Implementation and test

I will assume that the dataset is given as a lisp list of strings of length 7 consisting of decimal digits only. My dataset consists of 266 data points. I will load it from a file:

(defparameter *data* 
   (with-open-file (infil "hash-test.txt" :direction :input)
      (let (res)
         (do ((line (read-line infil nil) (read-line infil nil)))
             ((null line) res)
           (push line res)))))

*DATA*

The objective function will take the dataset as a parameter together with a function fun. It will construct a hash table whose keys are the data points evaluated under fun and will count how many times a specific value appears in the image.

(defun objective (data fun)
   (let ((local (make-hash-table :test 'equal)))
      (dolist (x data)
         (if (gethash (funcall fun x) local)
           (incf (gethash (funcall fun x) local))
           (setf (gethash (funcall fun x) local) 1)))
      (let ((res 0d0)) 
         (maphash (lambda (x y) (incf res (* y (log y 2.0d0)))) local)
         res)))

OBJECTIVE

Let me test this on our data on various projections:

(loop for i from 0 to 6 
      collect (format nil "~5,1f" (objective *data* (lambda (x) (char x i)))))

(2055.4 1634.7 1418.1 1268.9 1264.9 1261.7 1363.3)

The results indicate that I should use 4th, 5th and 6th digits to get the best results. Let me see if the result is better if I calculate the entropy of the projection function which uses these three digits together.

(loop for i from 0 to 4 collect
    (format nil "~5,1f" (objective *data* (lambda (x) (subseq x i (+ i 3))))))

(1141.6 460.7 129.6  55.5  87.5)

This confirms our guess: If I were to use the subsequence (subseq x 3 6) I will get the best result.
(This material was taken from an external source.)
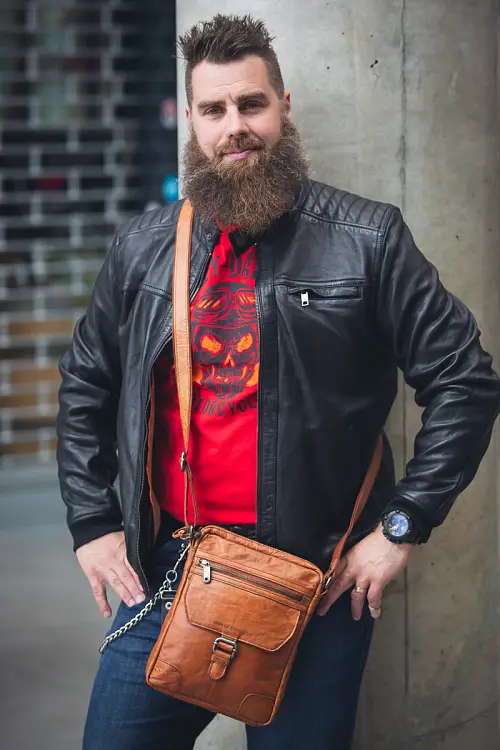 Černé kožené crossbody SPIKES & SPARROW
Let us calculate the actual entropy, and see if it is close to the maximal entropy 8.1 for the data set we have:

(let* ((N (length *data*))
       (result (- (log n 2.0d0) 
                  (* (/ 1.0d0 n) 
                     (objective *data* (lambda (x) (subseq x 3 6)))))))
   (format nil "~2,1f" result))

7.8

Analysis

The result above indicates, I should type the 4th, 5th and 6th digits of the students’ id numbers. However, there is a danger of these numbers colliding with subsequences starting at other positions. For example, I can type “456” to match “1234567” and yet match also “4567890”. In order to prevent such collisions, I better create a primary key for each student using the 4th through 6th digits of the student numbers together with, say the first letter of their last names. This is a key I can easily type into the search box of my spreadsheet software as I glance at each student’s exam paper.